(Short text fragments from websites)
BEGIN

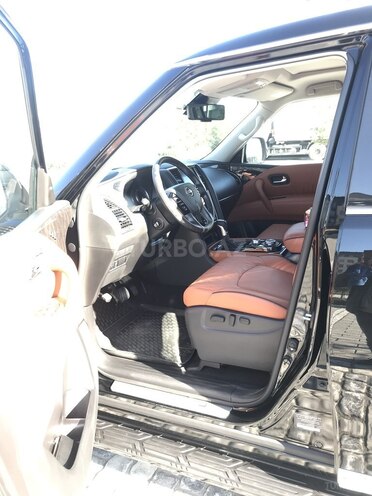 Nissan Patrol 2021, 22,800 km - 4.0 л - Bakı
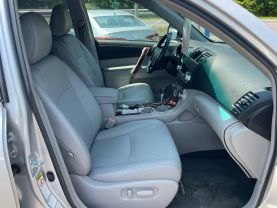 2011 TOYOTA HIGHLANDER SUV V6, 3.5 LITER LIMITED SPORT UTILITY 4D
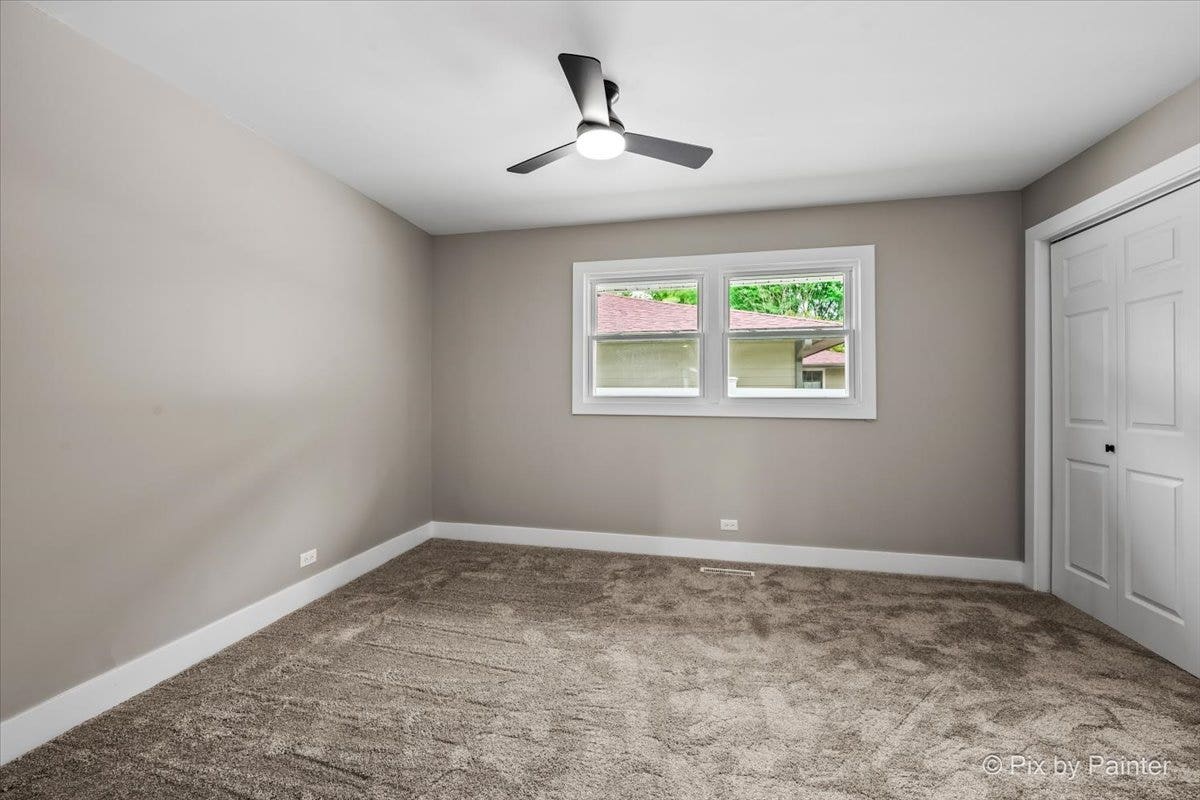 943 Oxford Street, Downers Grove, IL 60516 943 Oxford Street, Downers Grove, IL 60516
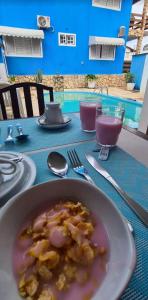 Jídlo v hotelu nebo okolí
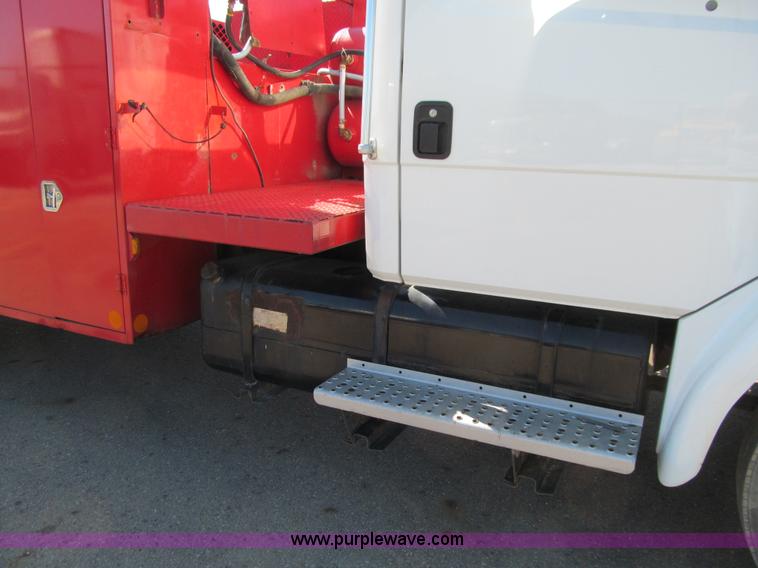image for item E4907 2000 Freightliner Business Class FL60 service truck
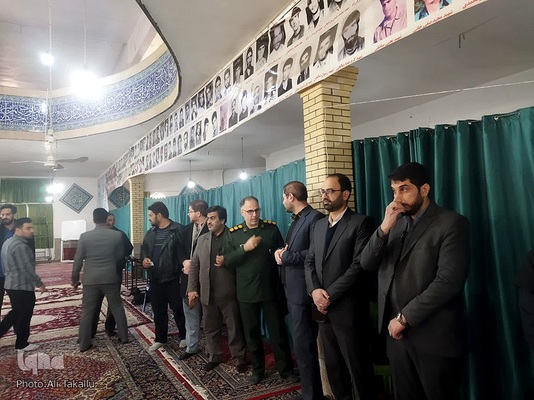 حضور حماسه ساز و پرشور ملایری ها در پای صندوق های رأی‎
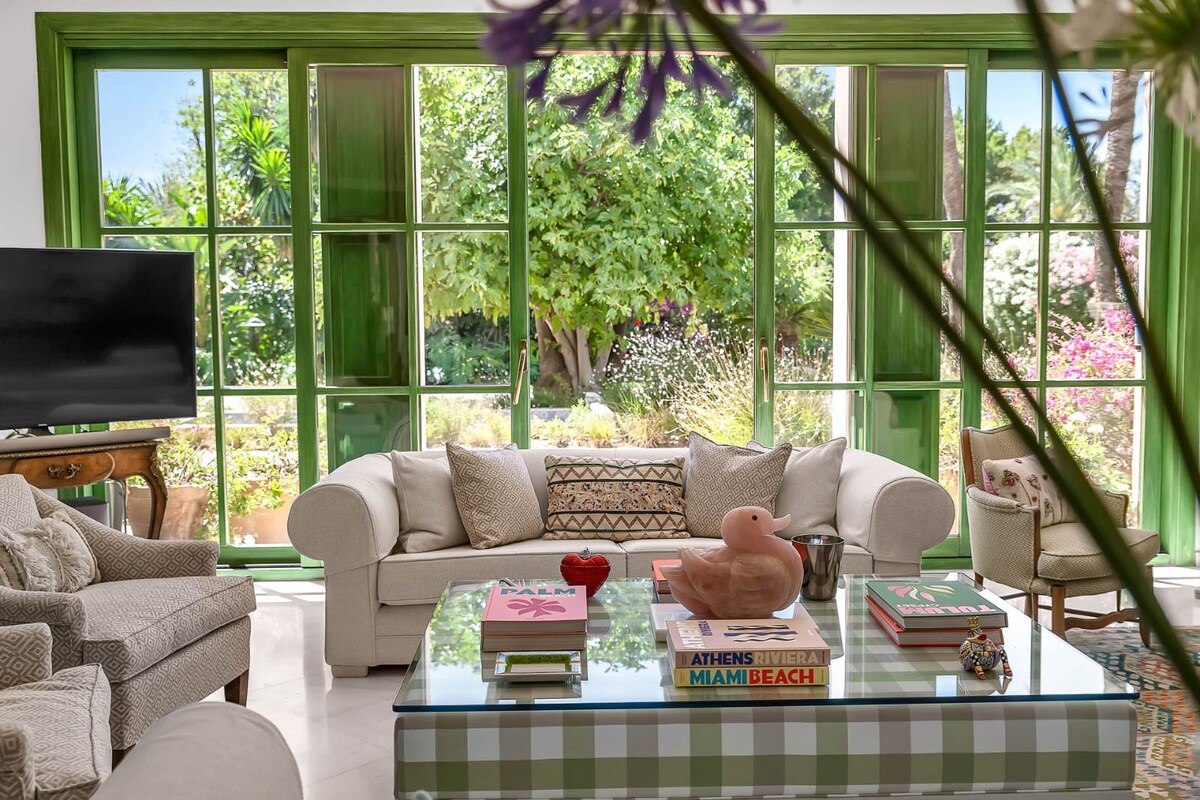 Private Estate near the sea-El Paraiso 3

END

Work request:
Word for word, restate the lines from the line containing "Jídlo v hotelu nebo okolí" through the end of the data, including the first and last of them. Pictures stay out.

Answer for the task:
 Jídlo v hotelu nebo okolí
image for item E4907 2000 Freightliner Business Class FL60 service truck
 حضور حماسه ساز و پرشور ملایری ها در پای صندوق های رأی‎
 Private Estate near the sea-El Paraiso 3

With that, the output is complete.